> Available data

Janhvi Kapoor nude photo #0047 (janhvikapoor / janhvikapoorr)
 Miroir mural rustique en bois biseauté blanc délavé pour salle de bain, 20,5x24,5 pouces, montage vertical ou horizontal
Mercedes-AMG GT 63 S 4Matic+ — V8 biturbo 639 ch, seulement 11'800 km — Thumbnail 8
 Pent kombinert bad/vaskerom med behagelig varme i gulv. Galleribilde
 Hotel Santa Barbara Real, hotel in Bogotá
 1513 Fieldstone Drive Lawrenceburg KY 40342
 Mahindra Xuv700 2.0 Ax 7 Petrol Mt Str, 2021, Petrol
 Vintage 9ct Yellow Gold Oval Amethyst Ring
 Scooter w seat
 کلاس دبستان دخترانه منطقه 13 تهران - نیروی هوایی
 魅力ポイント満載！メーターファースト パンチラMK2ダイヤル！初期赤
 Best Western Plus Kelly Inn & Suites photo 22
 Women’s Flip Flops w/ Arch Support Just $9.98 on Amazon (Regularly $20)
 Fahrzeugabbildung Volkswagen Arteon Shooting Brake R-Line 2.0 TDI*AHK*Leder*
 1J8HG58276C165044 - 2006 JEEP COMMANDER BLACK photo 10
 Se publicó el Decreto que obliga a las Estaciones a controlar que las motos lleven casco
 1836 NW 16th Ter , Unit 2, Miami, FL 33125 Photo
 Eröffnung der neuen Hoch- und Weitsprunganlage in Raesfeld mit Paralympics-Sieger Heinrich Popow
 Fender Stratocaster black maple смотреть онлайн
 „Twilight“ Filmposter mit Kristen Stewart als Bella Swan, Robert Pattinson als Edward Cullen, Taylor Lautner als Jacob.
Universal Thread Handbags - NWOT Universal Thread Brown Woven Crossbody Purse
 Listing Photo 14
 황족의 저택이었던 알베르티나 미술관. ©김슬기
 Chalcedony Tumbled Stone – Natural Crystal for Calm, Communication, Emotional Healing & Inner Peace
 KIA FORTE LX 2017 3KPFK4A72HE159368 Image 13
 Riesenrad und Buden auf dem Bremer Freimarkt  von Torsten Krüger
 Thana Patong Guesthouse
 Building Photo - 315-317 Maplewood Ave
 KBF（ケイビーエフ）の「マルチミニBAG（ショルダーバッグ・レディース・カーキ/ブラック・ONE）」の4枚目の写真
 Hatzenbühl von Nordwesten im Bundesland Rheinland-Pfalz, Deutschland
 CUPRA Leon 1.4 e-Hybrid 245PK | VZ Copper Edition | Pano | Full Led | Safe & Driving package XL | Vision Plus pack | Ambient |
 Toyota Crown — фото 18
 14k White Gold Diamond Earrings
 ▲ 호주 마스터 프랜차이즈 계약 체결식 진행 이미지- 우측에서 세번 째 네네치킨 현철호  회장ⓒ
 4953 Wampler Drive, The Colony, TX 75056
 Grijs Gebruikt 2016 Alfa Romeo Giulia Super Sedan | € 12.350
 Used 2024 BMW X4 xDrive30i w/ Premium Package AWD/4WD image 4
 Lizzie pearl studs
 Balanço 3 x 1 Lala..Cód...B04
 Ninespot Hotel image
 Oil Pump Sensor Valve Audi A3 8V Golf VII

> Prompt
All the records above need to be restated exactly, line by line.

> Reply
Janhvi Kapoor nude photo #0047 (janhvikapoor / janhvikapoorr)
 Miroir mural rustique en bois biseauté blanc délavé pour salle de bain, 20,5x24,5 pouces, montage vertical ou horizontal
Mercedes-AMG GT 63 S 4Matic+ — V8 biturbo 639 ch, seulement 11'800 km — Thumbnail 8
 Pent kombinert bad/vaskerom med behagelig varme i gulv. Galleribilde
 Hotel Santa Barbara Real, hotel in Bogotá
 1513 Fieldstone Drive Lawrenceburg KY 40342
 Mahindra Xuv700 2.0 Ax 7 Petrol Mt Str, 2021, Petrol
 Vintage 9ct Yellow Gold Oval Amethyst Ring
 Scooter w seat
 کلاس دبستان دخترانه منطقه 13 تهران - نیروی هوایی
 魅力ポイント満載！メーターファースト パンチラMK2ダイヤル！初期赤
 Best Western Plus Kelly Inn & Suites photo 22
 Women’s Flip Flops w/ Arch Support Just $9.98 on Amazon (Regularly $20)
 Fahrzeugabbildung Volkswagen Arteon Shooting Brake R-Line 2.0 TDI*AHK*Leder*
 1J8HG58276C165044 - 2006 JEEP COMMANDER BLACK photo 10
 Se publicó el Decreto que obliga a las Estaciones a controlar que las motos lleven casco
 1836 NW 16th Ter , Unit 2, Miami, FL 33125 Photo
 Eröffnung der neuen Hoch- und Weitsprunganlage in Raesfeld mit Paralympics-Sieger Heinrich Popow
 Fender Stratocaster black maple смотреть онлайн
 „Twilight“ Filmposter mit Kristen Stewart als Bella Swan, Robert Pattinson als Edward Cullen, Taylor Lautner als Jacob.
Universal Thread Handbags - NWOT Universal Thread Brown Woven Crossbody Purse
 Listing Photo 14
 황족의 저택이었던 알베르티나 미술관. ©김슬기
 Chalcedony Tumbled Stone – Natural Crystal for Calm, Communication, Emotional Healing & Inner Peace
 KIA FORTE LX 2017 3KPFK4A72HE159368 Image 13
 Riesenrad und Buden auf dem Bremer Freimarkt  von Torsten Krüger
 Thana Patong Guesthouse
 Building Photo - 315-317 Maplewood Ave
 KBF（ケイビーエフ）の「マルチミニBAG（ショルダーバッグ・レディース・カーキ/ブラック・ONE）」の4枚目の写真
 Hatzenbühl von Nordwesten im Bundesland Rheinland-Pfalz, Deutschland
 CUPRA Leon 1.4 e-Hybrid 245PK | VZ Copper Edition | Pano | Full Led | Safe & Driving package XL | Vision Plus pack | Ambient |
 Toyota Crown — фото 18
 14k White Gold Diamond Earrings
 ▲ 호주 마스터 프랜차이즈 계약 체결식 진행 이미지- 우측에서 세번 째 네네치킨 현철호  회장ⓒ
 4953 Wampler Drive, The Colony, TX 75056
 Grijs Gebruikt 2016 Alfa Romeo Giulia Super Sedan | € 12.350
 Used 2024 BMW X4 xDrive30i w/ Premium Package AWD/4WD image 4
 Lizzie pearl studs
 Balanço 3 x 1 Lala..Cód...B04
 Ninespot Hotel image
 Oil Pump Sensor Valve Audi A3 8V Golf VII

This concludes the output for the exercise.